Robert Bruegmann: This notion of the multi-level space in a dwelling is something which you’ve obviously been dealing with since the very earliest houses, and this is, you said, one of your prejudices or obsessions. Do you have any idea why you feel that? Why, in contrast to most people who still prefer to live on one level, are you always driving to try to design multi-level units?

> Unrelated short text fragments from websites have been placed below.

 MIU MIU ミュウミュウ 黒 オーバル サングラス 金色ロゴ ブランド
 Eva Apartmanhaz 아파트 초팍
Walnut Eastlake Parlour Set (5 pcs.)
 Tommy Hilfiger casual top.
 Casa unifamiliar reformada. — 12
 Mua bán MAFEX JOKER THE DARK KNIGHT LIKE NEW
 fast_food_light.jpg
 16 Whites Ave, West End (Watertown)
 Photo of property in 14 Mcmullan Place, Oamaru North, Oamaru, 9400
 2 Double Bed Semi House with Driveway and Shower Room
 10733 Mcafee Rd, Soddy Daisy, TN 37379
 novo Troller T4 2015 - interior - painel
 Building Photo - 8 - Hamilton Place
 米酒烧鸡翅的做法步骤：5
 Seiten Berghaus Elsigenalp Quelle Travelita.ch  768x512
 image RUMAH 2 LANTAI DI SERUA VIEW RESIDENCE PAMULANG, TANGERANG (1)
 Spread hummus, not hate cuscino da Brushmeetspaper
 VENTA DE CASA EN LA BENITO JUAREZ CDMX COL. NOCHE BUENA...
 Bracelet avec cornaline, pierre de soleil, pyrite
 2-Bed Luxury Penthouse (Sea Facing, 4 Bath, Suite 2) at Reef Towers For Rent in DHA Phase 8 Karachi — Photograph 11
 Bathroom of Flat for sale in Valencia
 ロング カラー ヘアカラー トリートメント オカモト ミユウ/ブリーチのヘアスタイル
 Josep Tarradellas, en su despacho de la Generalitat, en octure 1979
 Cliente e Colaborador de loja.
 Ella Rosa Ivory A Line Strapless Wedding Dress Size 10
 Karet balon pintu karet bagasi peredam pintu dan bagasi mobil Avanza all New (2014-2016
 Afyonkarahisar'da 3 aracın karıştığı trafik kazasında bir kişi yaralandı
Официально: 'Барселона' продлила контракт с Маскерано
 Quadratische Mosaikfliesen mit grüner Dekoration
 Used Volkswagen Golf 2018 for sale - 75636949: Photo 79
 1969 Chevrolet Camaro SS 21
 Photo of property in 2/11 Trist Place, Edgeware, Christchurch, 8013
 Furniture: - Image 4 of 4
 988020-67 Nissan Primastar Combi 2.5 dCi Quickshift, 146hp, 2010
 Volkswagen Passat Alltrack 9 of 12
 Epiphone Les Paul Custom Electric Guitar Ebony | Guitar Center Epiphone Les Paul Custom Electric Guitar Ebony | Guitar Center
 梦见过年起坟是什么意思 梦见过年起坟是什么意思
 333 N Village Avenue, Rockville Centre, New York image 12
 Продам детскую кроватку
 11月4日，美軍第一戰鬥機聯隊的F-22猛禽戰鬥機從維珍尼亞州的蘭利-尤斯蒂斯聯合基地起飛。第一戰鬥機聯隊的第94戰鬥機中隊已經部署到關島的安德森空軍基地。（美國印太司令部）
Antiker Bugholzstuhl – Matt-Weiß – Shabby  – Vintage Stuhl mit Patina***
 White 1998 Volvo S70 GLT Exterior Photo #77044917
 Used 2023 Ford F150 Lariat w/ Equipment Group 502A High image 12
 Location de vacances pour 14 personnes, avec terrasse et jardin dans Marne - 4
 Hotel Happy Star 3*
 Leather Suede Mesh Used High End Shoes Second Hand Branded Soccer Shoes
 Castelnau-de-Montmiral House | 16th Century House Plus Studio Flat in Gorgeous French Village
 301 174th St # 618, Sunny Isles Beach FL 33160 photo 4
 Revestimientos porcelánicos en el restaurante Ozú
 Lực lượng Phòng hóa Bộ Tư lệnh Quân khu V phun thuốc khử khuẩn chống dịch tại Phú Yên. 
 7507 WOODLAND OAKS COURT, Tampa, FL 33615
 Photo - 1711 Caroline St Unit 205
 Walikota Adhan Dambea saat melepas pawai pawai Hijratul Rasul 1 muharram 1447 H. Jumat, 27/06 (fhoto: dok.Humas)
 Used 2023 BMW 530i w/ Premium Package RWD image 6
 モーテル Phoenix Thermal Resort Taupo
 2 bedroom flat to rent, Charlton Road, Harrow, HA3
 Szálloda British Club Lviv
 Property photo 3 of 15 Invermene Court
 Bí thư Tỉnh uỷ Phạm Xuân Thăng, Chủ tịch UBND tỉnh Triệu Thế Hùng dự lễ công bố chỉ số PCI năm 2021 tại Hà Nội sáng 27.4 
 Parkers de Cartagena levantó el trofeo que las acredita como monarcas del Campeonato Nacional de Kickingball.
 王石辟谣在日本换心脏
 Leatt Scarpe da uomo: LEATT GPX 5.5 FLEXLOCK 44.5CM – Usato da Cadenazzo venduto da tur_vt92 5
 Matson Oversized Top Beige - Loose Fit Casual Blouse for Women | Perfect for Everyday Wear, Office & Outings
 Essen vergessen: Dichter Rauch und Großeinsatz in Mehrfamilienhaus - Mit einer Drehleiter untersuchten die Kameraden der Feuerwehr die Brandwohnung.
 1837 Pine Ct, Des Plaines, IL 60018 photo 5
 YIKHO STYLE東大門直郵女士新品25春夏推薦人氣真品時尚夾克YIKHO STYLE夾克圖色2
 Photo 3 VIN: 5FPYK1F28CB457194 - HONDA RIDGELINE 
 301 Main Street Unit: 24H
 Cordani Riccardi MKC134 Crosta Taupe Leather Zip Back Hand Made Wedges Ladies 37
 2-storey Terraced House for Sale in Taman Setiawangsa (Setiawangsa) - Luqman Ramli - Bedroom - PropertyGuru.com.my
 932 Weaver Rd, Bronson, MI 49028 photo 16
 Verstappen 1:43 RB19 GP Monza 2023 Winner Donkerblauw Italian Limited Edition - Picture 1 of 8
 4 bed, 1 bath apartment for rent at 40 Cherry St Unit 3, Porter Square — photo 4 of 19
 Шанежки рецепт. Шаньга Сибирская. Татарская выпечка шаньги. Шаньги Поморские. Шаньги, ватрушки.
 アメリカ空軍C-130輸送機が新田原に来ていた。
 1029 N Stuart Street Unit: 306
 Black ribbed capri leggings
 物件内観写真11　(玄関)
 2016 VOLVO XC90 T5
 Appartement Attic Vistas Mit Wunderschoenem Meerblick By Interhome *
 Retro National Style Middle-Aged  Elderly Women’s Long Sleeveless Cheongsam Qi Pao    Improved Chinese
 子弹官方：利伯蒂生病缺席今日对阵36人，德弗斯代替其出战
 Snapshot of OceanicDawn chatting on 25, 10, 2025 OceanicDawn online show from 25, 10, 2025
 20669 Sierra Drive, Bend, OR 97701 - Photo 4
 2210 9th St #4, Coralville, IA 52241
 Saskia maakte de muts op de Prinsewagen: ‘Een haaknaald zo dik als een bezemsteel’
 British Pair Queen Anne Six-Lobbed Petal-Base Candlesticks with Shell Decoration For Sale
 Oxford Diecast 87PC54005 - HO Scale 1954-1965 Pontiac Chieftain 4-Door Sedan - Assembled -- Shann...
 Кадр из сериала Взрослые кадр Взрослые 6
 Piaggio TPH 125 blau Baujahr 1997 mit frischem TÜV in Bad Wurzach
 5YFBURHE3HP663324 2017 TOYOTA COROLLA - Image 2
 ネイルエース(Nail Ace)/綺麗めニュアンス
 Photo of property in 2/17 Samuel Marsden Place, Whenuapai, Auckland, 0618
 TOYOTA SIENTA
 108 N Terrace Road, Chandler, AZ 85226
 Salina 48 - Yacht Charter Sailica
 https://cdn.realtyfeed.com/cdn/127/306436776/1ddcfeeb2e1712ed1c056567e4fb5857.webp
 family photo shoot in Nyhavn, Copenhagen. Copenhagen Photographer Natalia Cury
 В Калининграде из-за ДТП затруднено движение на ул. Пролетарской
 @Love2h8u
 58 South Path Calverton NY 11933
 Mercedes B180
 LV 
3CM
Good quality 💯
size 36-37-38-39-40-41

Paul Rudolph: It seems to me to be innate in human behavior or human instinct. It’s the difference between Wright’s handling of space, which is based on the needs of the human being psychologically, as opposed to Mies who didn’t use space psychologically at all, and indeed the international stylists. Later on, Le Corbusier started to handle the space psychologically to satisfy psychological needs. Wright, instinctively from the very beginning—and it seems to me that’s the most unique thing about his architecture is his spatial aspects—is absolutely wedded to the needs of the human being from an emotional point of view. That’s the other reason why finally his work is much greater than any of the others. He understood that so well. Mies didn’t have a clue. The whole idea of the continuum of space, which I guess is shown best in the Barcelona Pavilion or the Farnsworth House in Illinois, is a marvelous thing. I don’t mean to say it isn’t, it’s just that it touches the tip of an iceberg. That’s the reason why Wright is so much a greater architect than Mies.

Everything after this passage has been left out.